In September 2022, Ethereum transitioned to a Proof of Stake (PoS) consensus model. This change allows anyone with a minimum of 32 ether to stake their holdings and operate a validator node, thereby participating in network validation and earning staking rewards. The PoS system is engineered to enable individuals and companies with standard hardware to run a validator node. Although validator node downtime results in penalties, these are relatively minor penalties, and downtime can be avoided with a well-designed system. However, institutional stakers, who typically operate multiple validators, face more demanding technical and uptime requirements due to the larger scale of their operations.
In this post, we explore the technical challenges and requirements of operating an institutional-grade Ethereum staking service. Additionally, we outline a solution for deploying an Ethereum staking service on AWS. For more comprehensive information on installation and deployment within your AWS account, please visit the accompanying GitHub repository.
How staking software works
The Proof of Stake network, also known as the Beacon Chain, comprises thousands of individually operated nodes globally. A beacon node, also referred to as a consensus client, communicates with other beacon nodes via peer-to-peer network protocols. These nodes primarily exchange information about new transactions being submitted to the network and new blocks being proposed and created. There are several consensus clients to select from, and they are written in various popular programming languages, the most popular being Rust (Lighthouse), TypeScript (Lodestar), Go (Prysm), and Java (Teku). A comprehensive list of these clients is available on ethereum.org.
In parallel with a consensus client, an execution client operates. The primary responsibilities of an execution client include accepting and broadcasting new transactions submitted to it and processing new blocks by parsing the transactions and data within the block into its local data store. The most used execution clients are developed in languages such as Go (Geth, Erigon), .NET (Nethermind), and Java (Besu), with the full list and distribution of execution clients across the network available in ethernodes.org.

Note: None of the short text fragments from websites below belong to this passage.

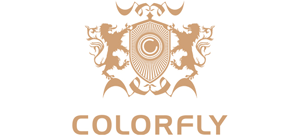 七彩虹 colorfly HIFI 播放器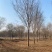【优质苗木】苗圃基地大量供15公分国槐可视频验货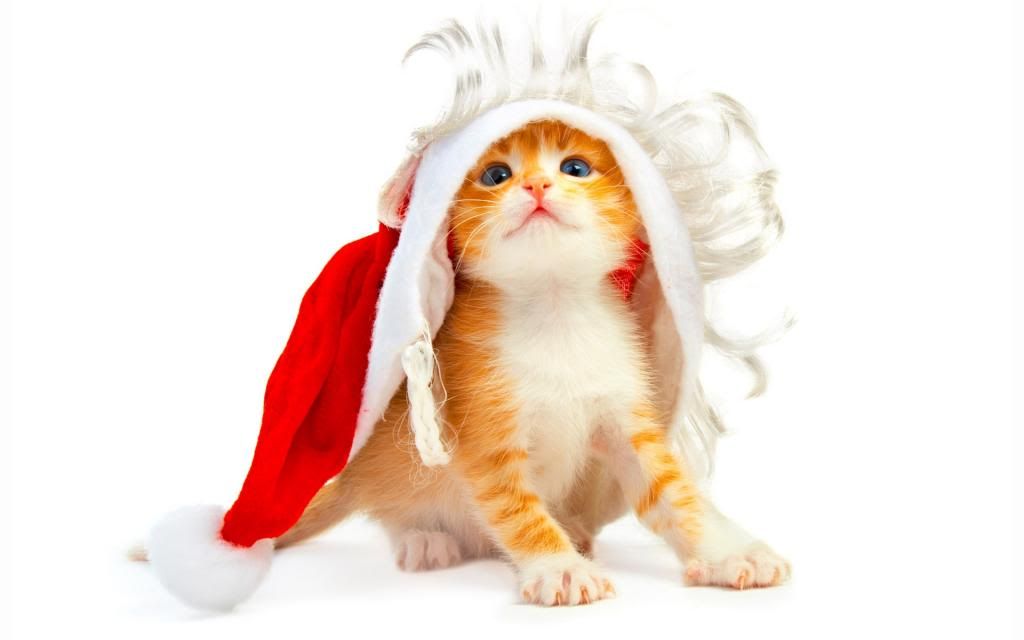 Christmas photo cats_christmas_cat_desktop_1920x1200_hd-wallpaper-865851_zps2d4408c6.jpg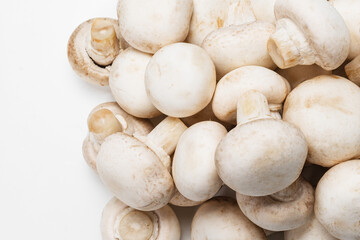 Champignon mushroom isolated on white background.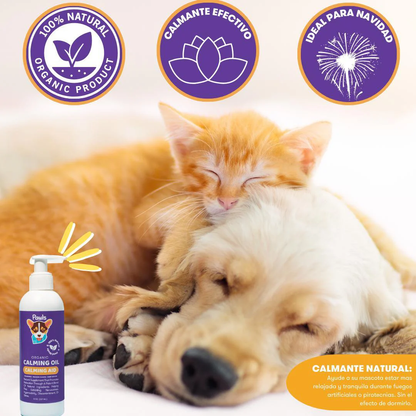 Pawls: Calming Oil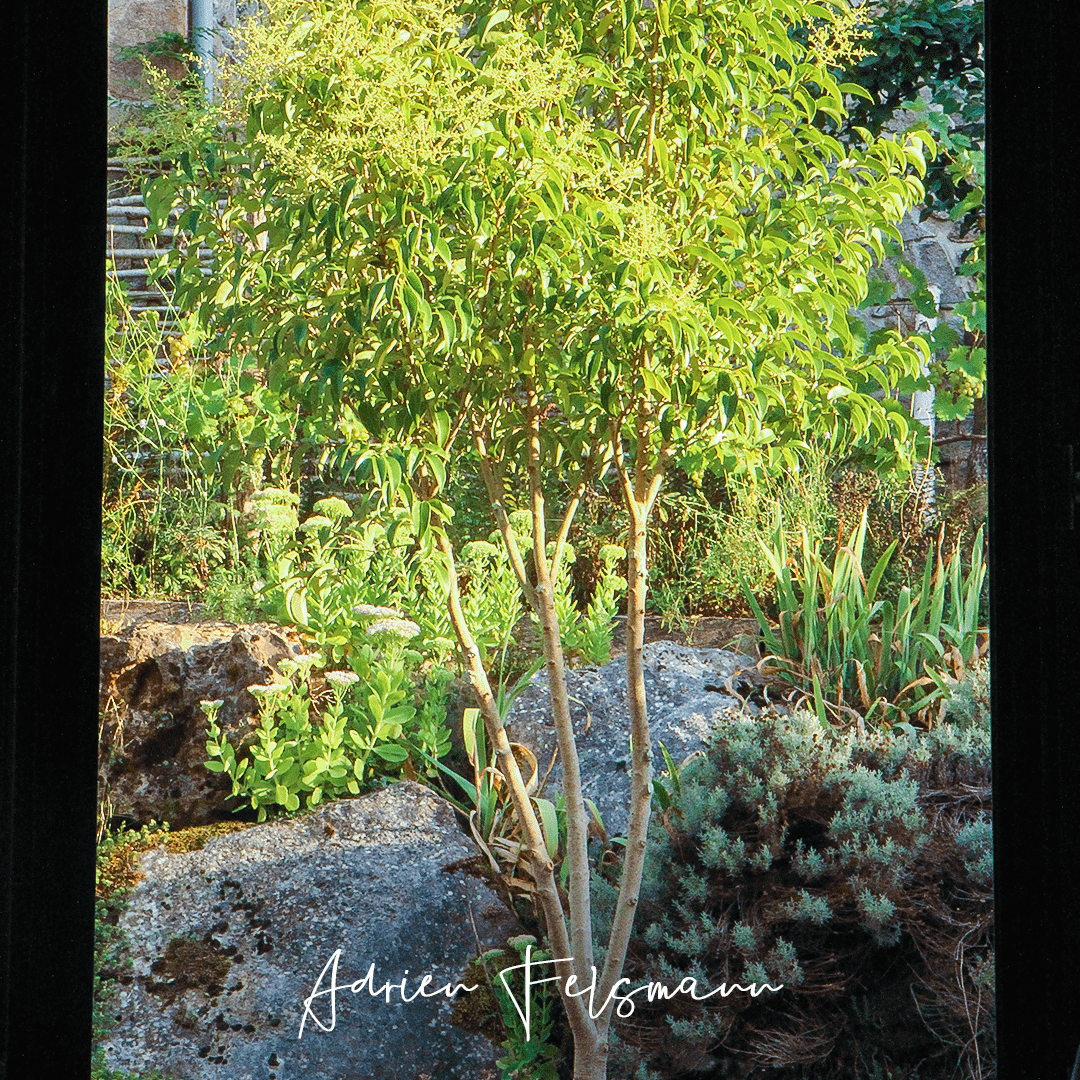Aperçu de la rocaille depuis la fenêtre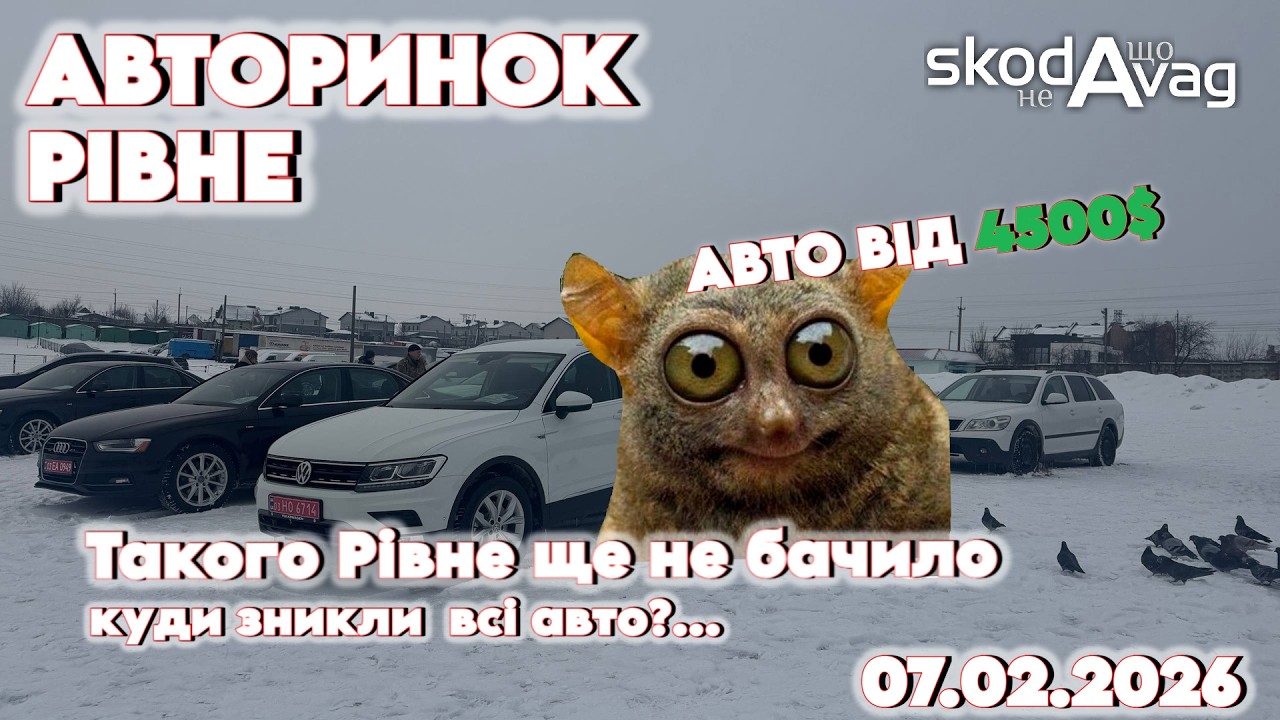 Авторинок Рівне📍 | Порожній авторинок 🚗 | Де авто? 🤷‍♀️@SKODA що не VAG retail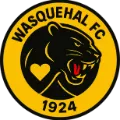 Wasquehal FC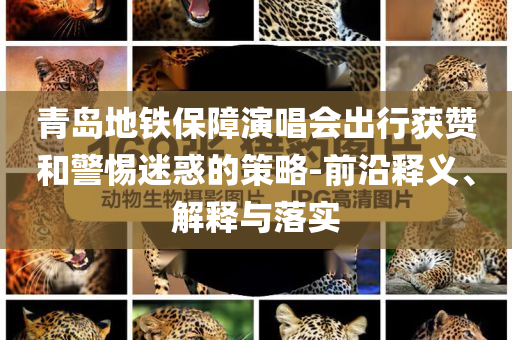 青島地鐵保障演唱會出行獲贊和警惕迷惑的策略-前沿釋義、解釋與落實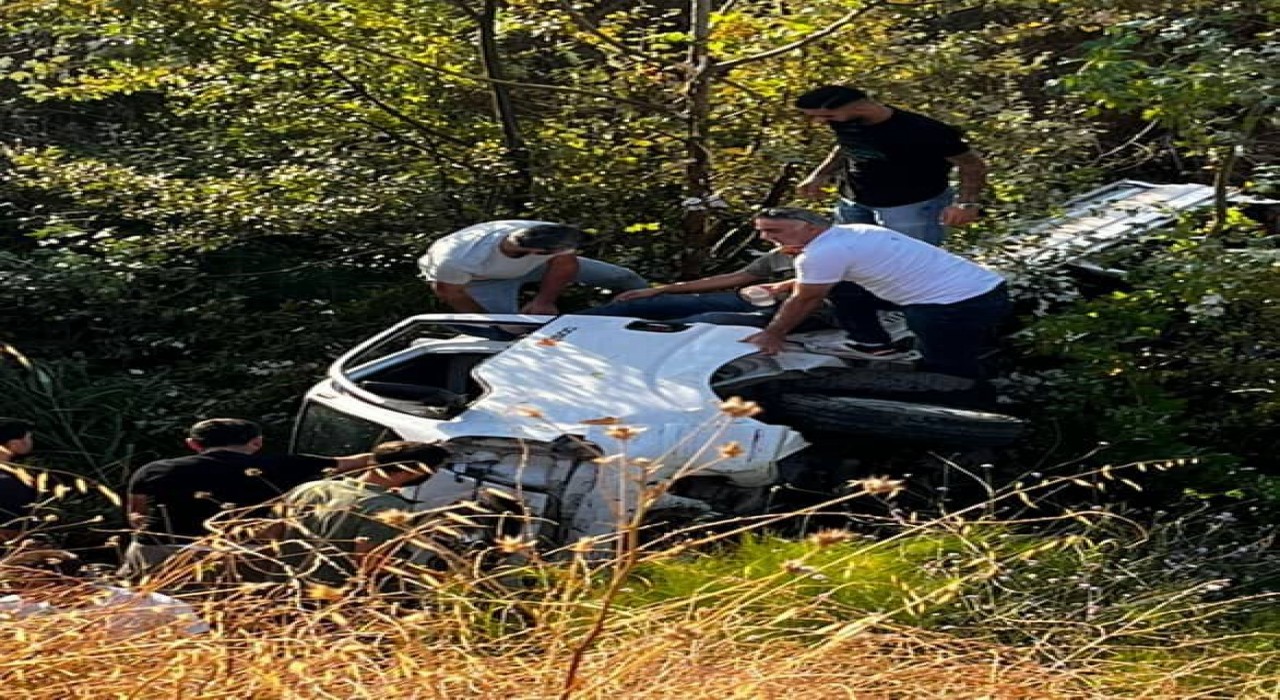 Kontrolden çıkan kamyonet ağaçlık alana uçtu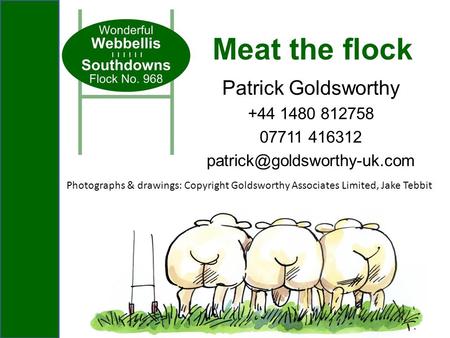 Patrick Goldsworthy +44 1480 812758 07711 416312 Meat the flock Photographs & drawings: Copyright Goldsworthy Associates Limited,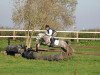Deckhengst Largo (Welsh Pony (Sek.B), 2005, von Frankenhoeh's Lord)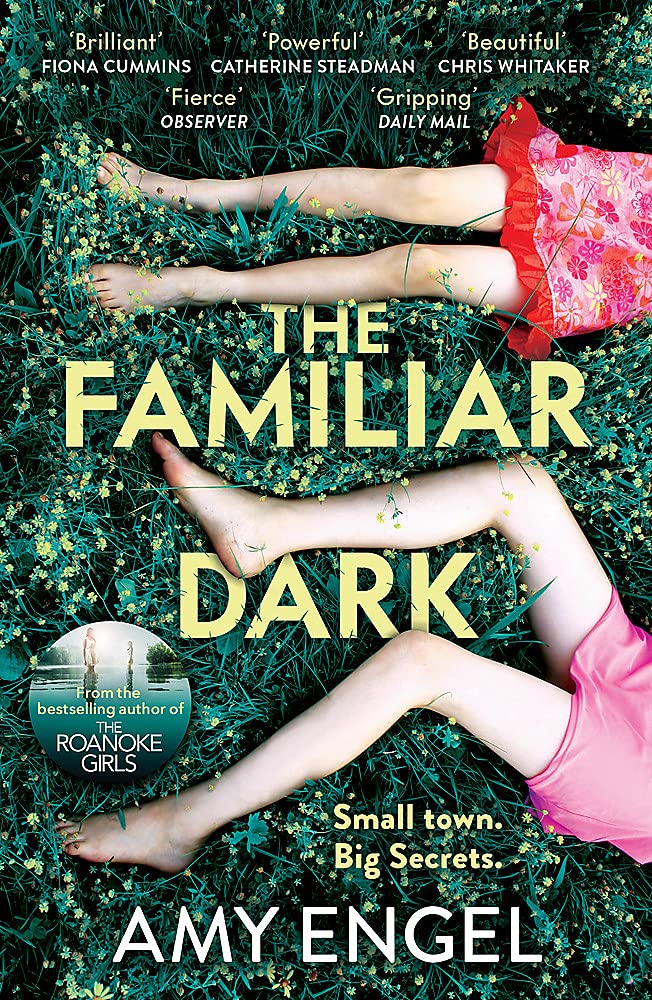 The Familiar Dark | Amy Engel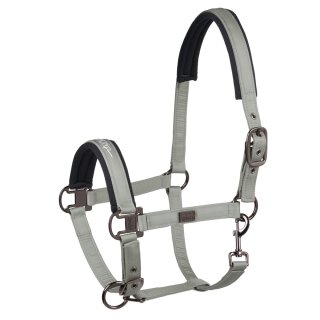 Eskadron Halfter Glossy Platinum Pure P2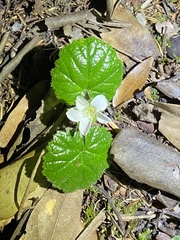 Rubus pumilus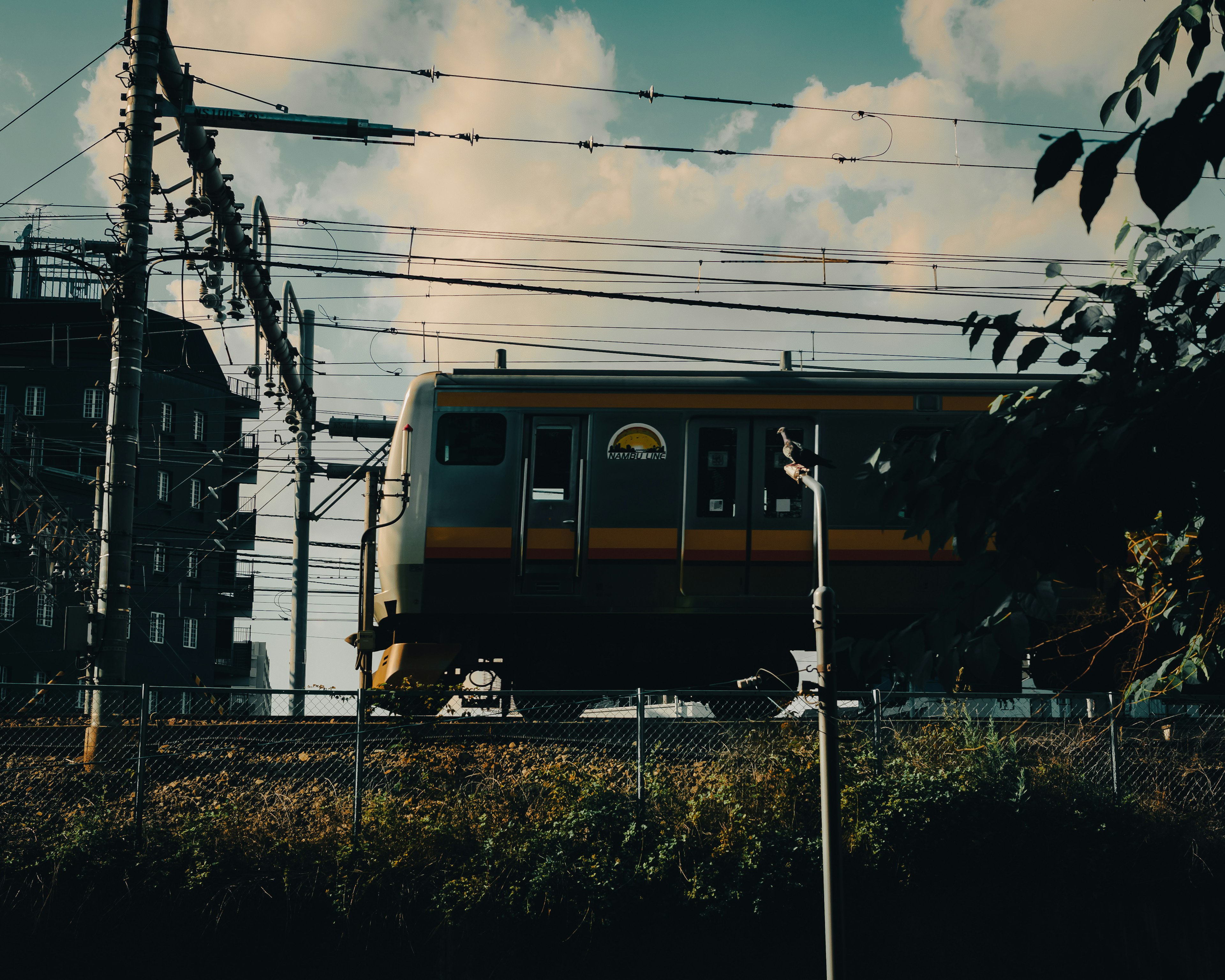 Tren pasando por vías elevadas con cielo azul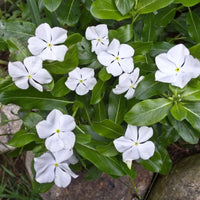 Fragrant Vinca Flower seeds for Planting Low Maintenance Heirloom & GMO Free Seeds for Home Garden
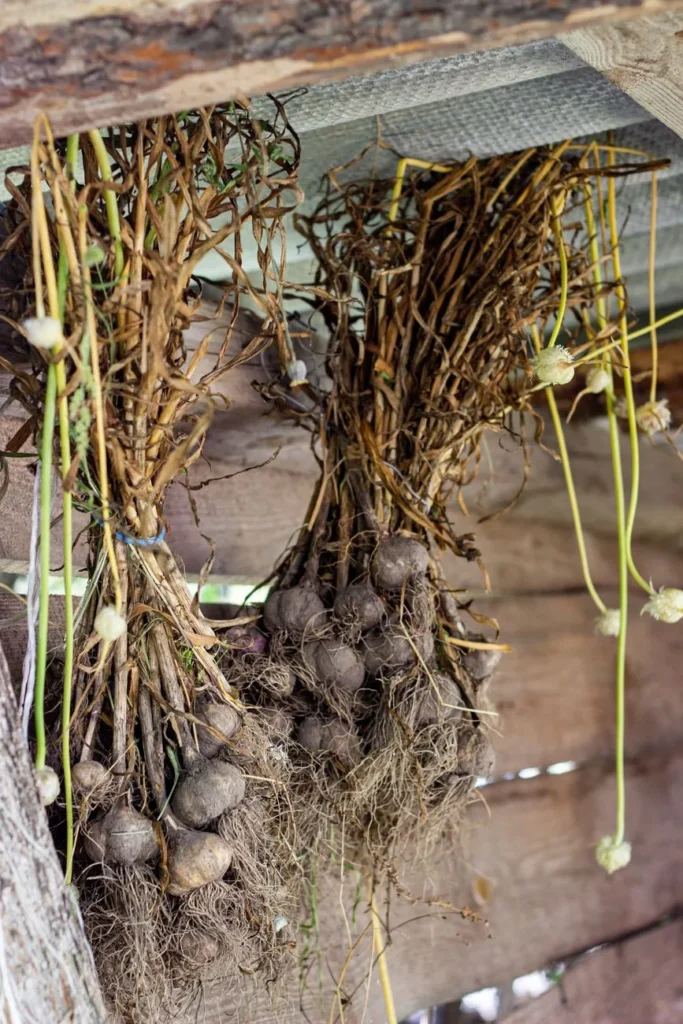 Geoogste knoflookbollen met loof en wortels hangen in bossen te drogen onder een afdak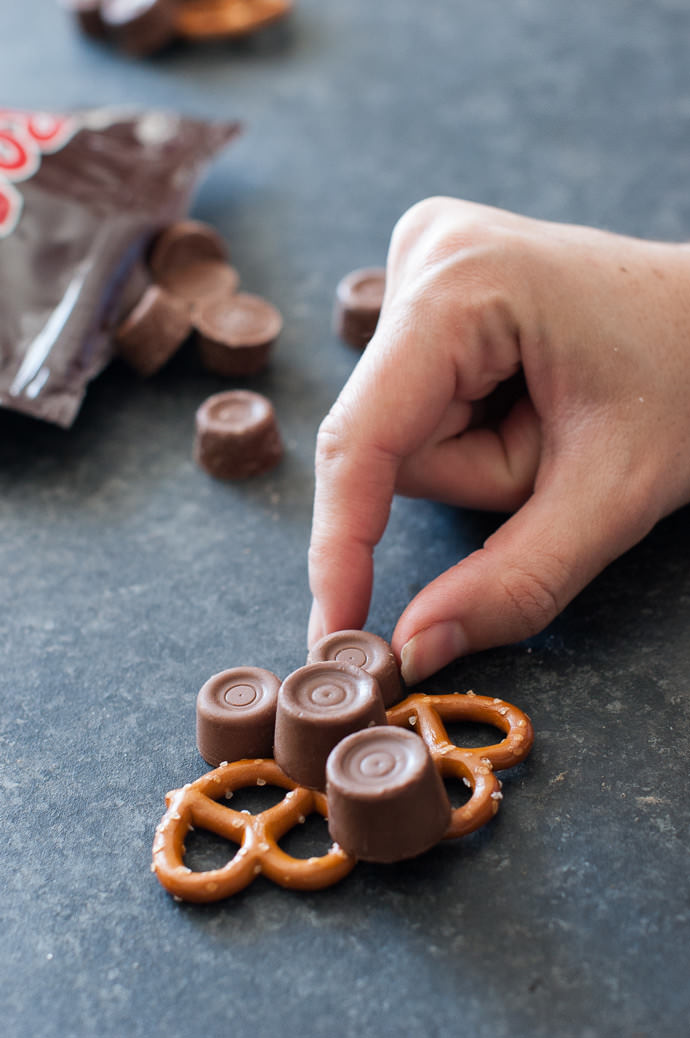 Mini Holiday Owl Sweeties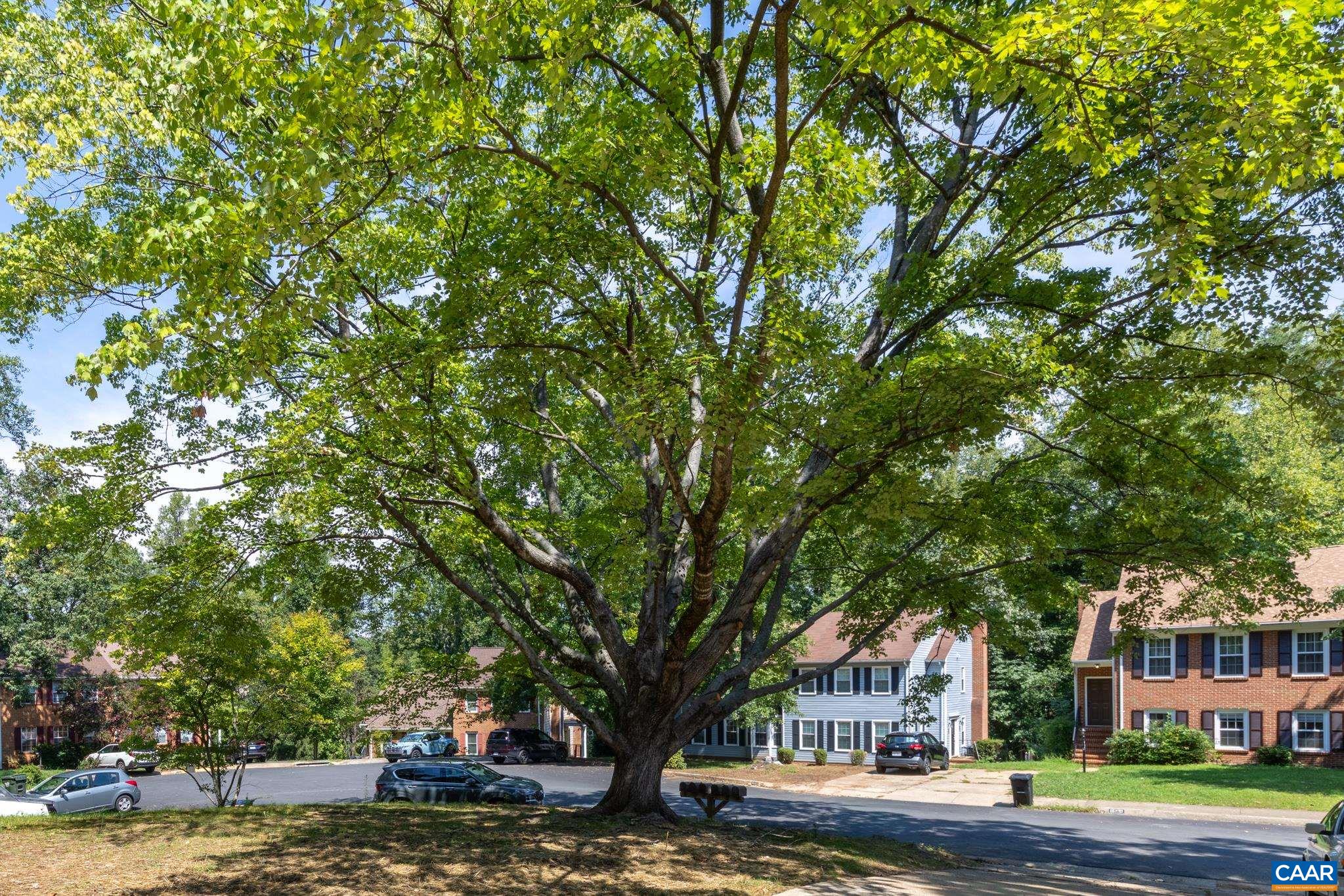 1508 WESTFIELD CT, CHARLOTTESVILLE, Virginia 22901, 3 Bedrooms Bedrooms, ,2 BathroomsBathrooms,Residential,1508 WESTFIELD CT,681627 MLS # 681627 1508 WESTFIELD CT, CHARLOTTESVILLE, Virginia 22901, 3 Bedrooms Bedrooms, ,2 BathroomsBathrooms,Residential,1508 WESTFIELD CT,681627 MLS # 681627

By running both a consensus client and an execution client, you maintain a real-time copy of the blockchain state. This capability is invaluable for indexing blockchain data and receiving notifications about specific events, such as the execution of a particular smart contract or activity in a designated wallet. However, operating these two clients alone is insufficient for network validation, which is necessary to earn rewards.
A third type of software, known as a validator client, is required for network validation. A validator client has two primary responsibilities: 1) monitoring new blocks as they are created and validating the data within them, and 2) proposing new blocks. To promote honest behavior, validators must first stake 32 ether into the beacon chain. This stake is at risk of being slashed if the validator fails to validate the network due to downtime – with a minor penalty – or if the validator acts maliciously, such as by approving a block found to contain malicious transactions -incurring a significant penalty. Therefore, securing validator private keys is crucial to prevent compromises by malicious actors.
Many consensus clients encompass a validator client, as it is typically a relatively lightweight component.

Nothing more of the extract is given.